Page 20: Indeed, the author of Oliver Twist had come to know these dingy courts and foetid alleys intimately in his youth while he worked as a shoe black, and later scribbled away in nearby rooms.

Charles Dickens did not work as a "shoe black" (someone who polishes people's shoes). In about 1824, while his father was in the Marshalsea Prison for debt, he worked in a factory where boot blacking was made. The factory was at Hungerford Stairs near Charing Cross, and later at Chandos Street near Covent Garden, not in the same area as Dawes Court [see discussion by Gary Barnett at Jack the Ripper Forums, and also an online article by Michael Allen on the National Archives website].

Page 27: [William] Nichols was the son of a herald painter, one who traditionally applied coats of arms to carriages and signs, but who increasingly in the nineteenth century had moved into printing stationery and bookplates. At some time prior to the spring of 1861, William had set out from his birthplace in Oxford to begin a career as a printer.

At his marriage in 1864, William said his father was named William Nichols, and was a herald painter [Neal Shelden, The Victims of Jack the Ripper (2007), p. 5]. In fact when he was born his mother Elizabeth Nichols was unmarried [see images of birth and marriage certificates and baptism entry (15 May 1840 at St Mary Magdalen, Oxford) posted by Jose Oranto at Jack the Ripper Forums]. His father has not been identified.

At the date of the 1851 census, William was living with his mother Elizabeth Nichols, described as a widow, at 3 Hanover Court, St Martin in the Fields, in London [see image of census entry at Jack the Ripper Forums].

Pages 29-30: By the summer of 1866, the Walker-Nichols household returned to Walworth, the part of the capital where Edward Walker had spent his youth.

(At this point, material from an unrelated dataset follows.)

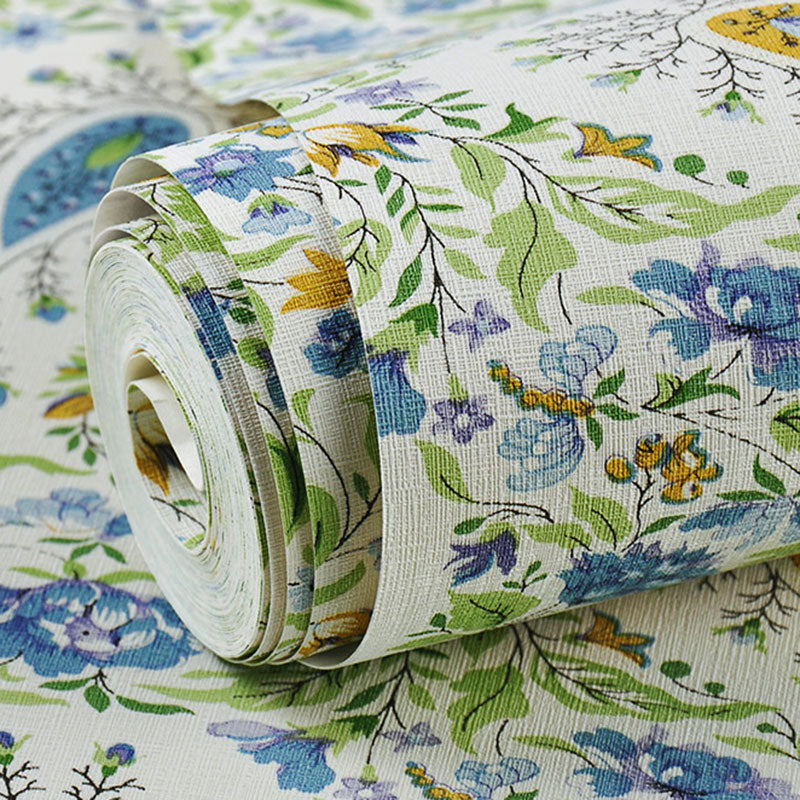 Guest Room Wallpaper Contemporary Multicolored Dense Flower Pattern Wall Decor, Non-Pasted Clearhalo 'Country wall decor' 'Rustic' 'Wallpaper' Wall Decor' 927266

The family, who were now six in number, took a house at 131 Trafalgar Street, on what was described as 'a terrace of two-storey brick cottages'. ... Their eldest child failed to live more than a year and nine months, but the family was soon joined by others. Edward John was the first child to be born at their home on Trafalgar Street on 4 July 1866. He was followed two years later by George Percy on 18 July and by Alice Esther in December 1870.

Several details here are incorrect. From the information summarised below, the family initially moved to Camberwell or Peckham before settling in Walworth. The first known record of them at 131 Trafalgar Street is from late November 1866.